Capital worries may linger over HSBC, analysts say

By Simon Kennedy

The global banking giant (UK:HSBA: news , chart , profile ) (HBC:
27.76, -7.04,
-20.2%) will raise the cash to both strengthen its capital ratios and allow it to make limited acquisitions in the event opportunities arise. It's also lowered its dividend payout after reporting a 70% drop in net profit for 2008 and said it's withdrawing from some of its U.S. lending operations. See full story.
But at the same time, the deficit in HSBC's available-for-sale reserves has soared to more than 21 billion pounds from about 7 billion pounds at the end of June.
Assets that are classified as available for sale are those that aren't held for immediate trading purposes, but also aren't expected to be held for the asset's entire lifetime.
In that way, the bank doesn't have to record a drop in the market price as a loss unless the asset is sold or the drop in value is deemed to be permanent.
"The key question around the stock will remain, despite the capital increase, whether the balance sheet is strong enough to get the bank through a difficult 2009," said Deutsche Bank analyst Jason Napier.
Previous analysis by Deutsche Bank suggests HSBC's capital ratios could potentially fall as much as three percentage points in 2009 due to impairments on bad loans and other risky assets.
At Keefe, Bruyette & Woods, analysts said the current deficit in the available-for-sale accounting line is equivalent to 1.9 percentage points of the existing capital ratios.
"We welcome the rights issue, but the increase in the [available-for-sale] reserve means that it will not put the capital debate to rest in our view," said KBW's Mark Phin.
Not all analysts were so negative.

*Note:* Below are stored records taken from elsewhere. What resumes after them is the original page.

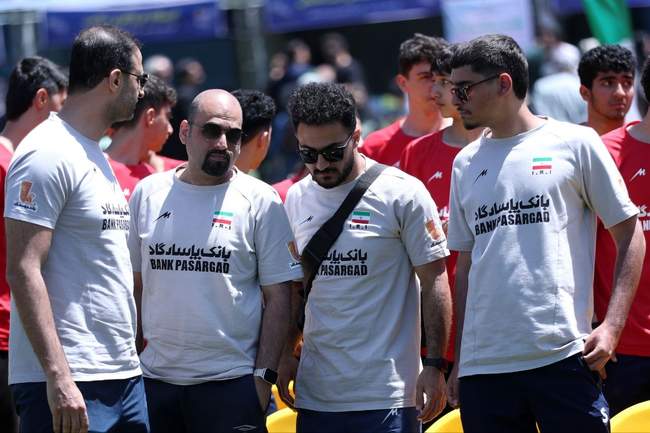 قزوین میزبان جشنواره همگانی والیبال با حضور رئیس فدراسیون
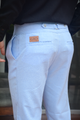 PANTALON AZUL CIELO LINO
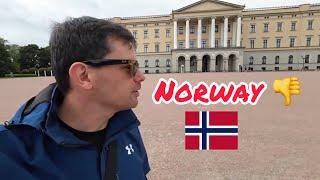 Norway is the WORST Country in Scandinavia! This is Why…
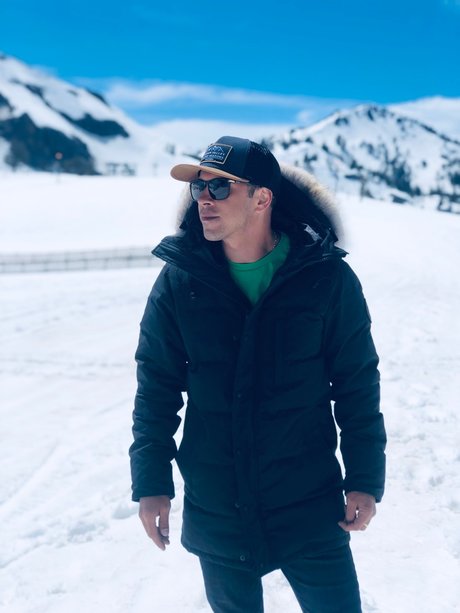 Nelio Linares sexy nackt archiv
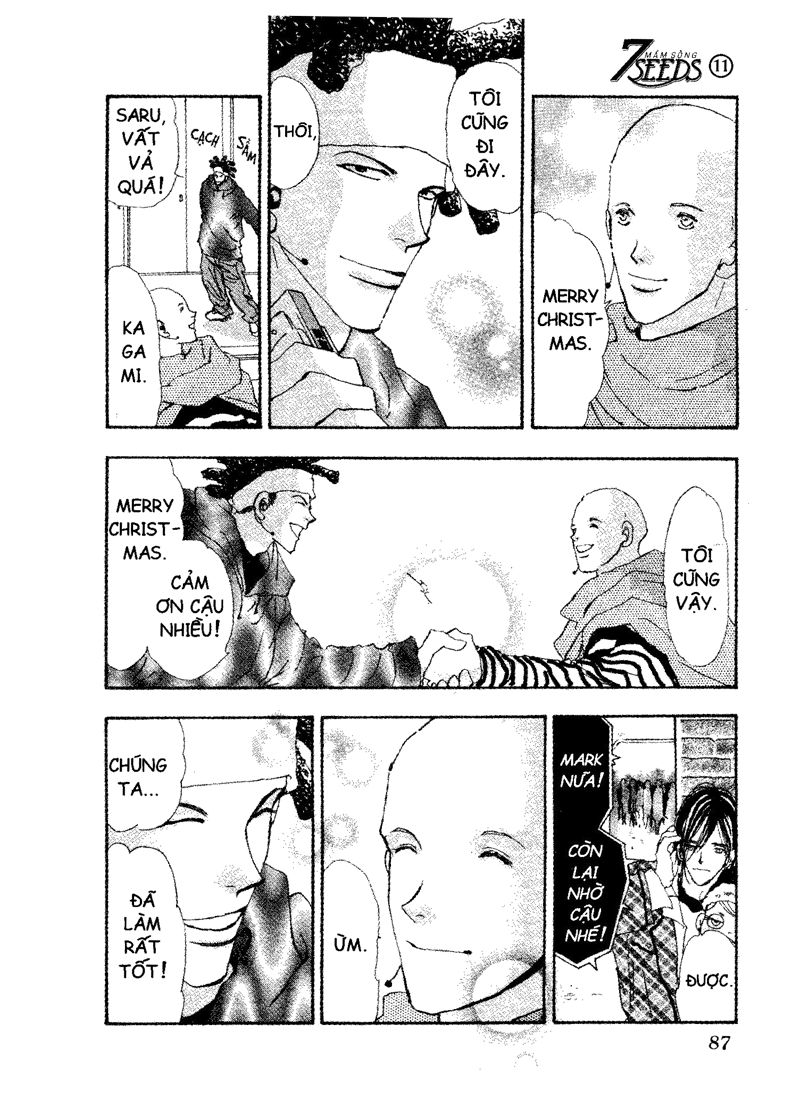 Mầm Sống - Chương 59 - Trang 10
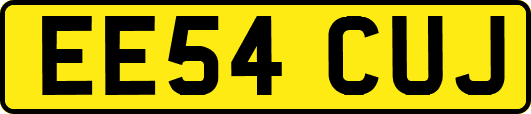 EE54CUJ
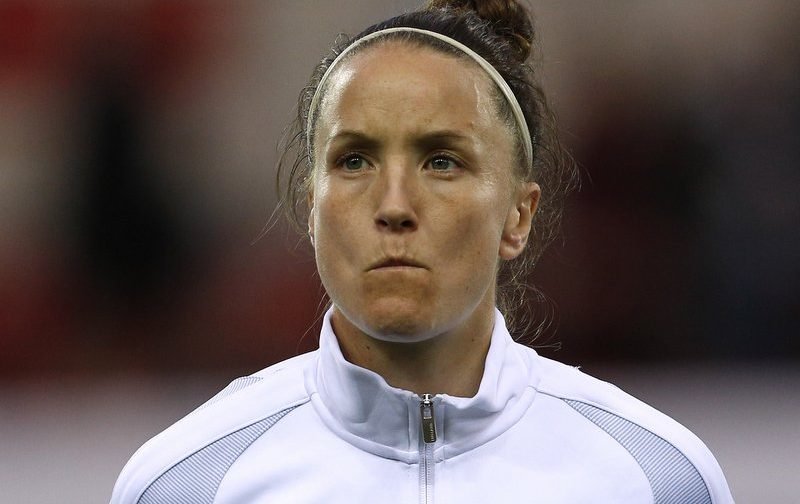 Ex-Arsenal, Chelsea and Liverpool defender Casey Stoney retires from playing career to join England’s coaching team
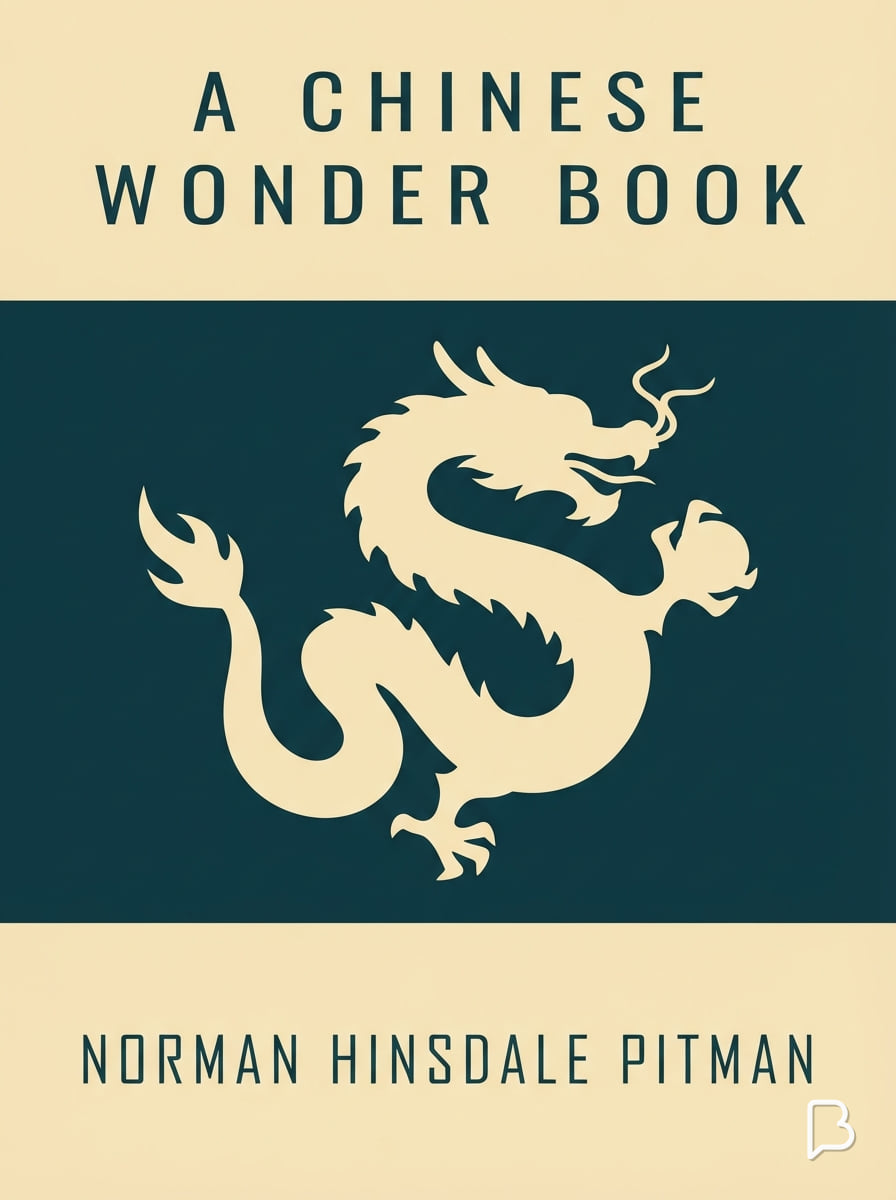 中国童话, 诺曼·欣斯代尔·皮特曼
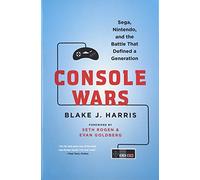 Blake J Harris Console Wars (Tascabile)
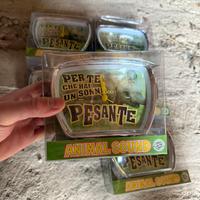 Sveglie Animal Sound vintage 6pz.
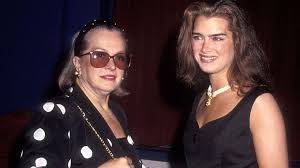 I just want to say thank you for being so very good about drinking. Brooke Shields Shocker Child Star Tells All About Boozy Stage Mom Losing Virginity To Superman S Dean Cain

Celent analyst Cubillas Ding said that HSBC seems to have taken a quite conservative line with its reserves, and the intention of its announcements on Monday seems to be to help it draw a line under U.S. losses.
Douglas Flint, HSBC's finance director, said the bank's own stress tests indicate a possible risk in the range of $2 billion to $2.5 billion over the next two to three years and a "likely ultimate expected loss" of about a third of that figure.
Fearful of deeper losses
Separately, activist investment firm Knight Vinke Asset Management said HSBC could face a further $34 billion of losses if it were to write down to fair value all the subprime assets it holds.
Knight Vinke has been lobbying HSBC to shutter the U.S. lending operations -- the former Household International and Beneficial businesses -- since September 2007, potentially by just walking away and putting them in receivership. HSBC bought Household in 2003.
The possibility of further losses appears to be rising because of the deteriorating economy in the U.S., the asset manager said. It also called for assurances that the $17.7 billion being raised in the rights issue won't go to Household's lenders, saying they have no contractual legal recourse to HSBC.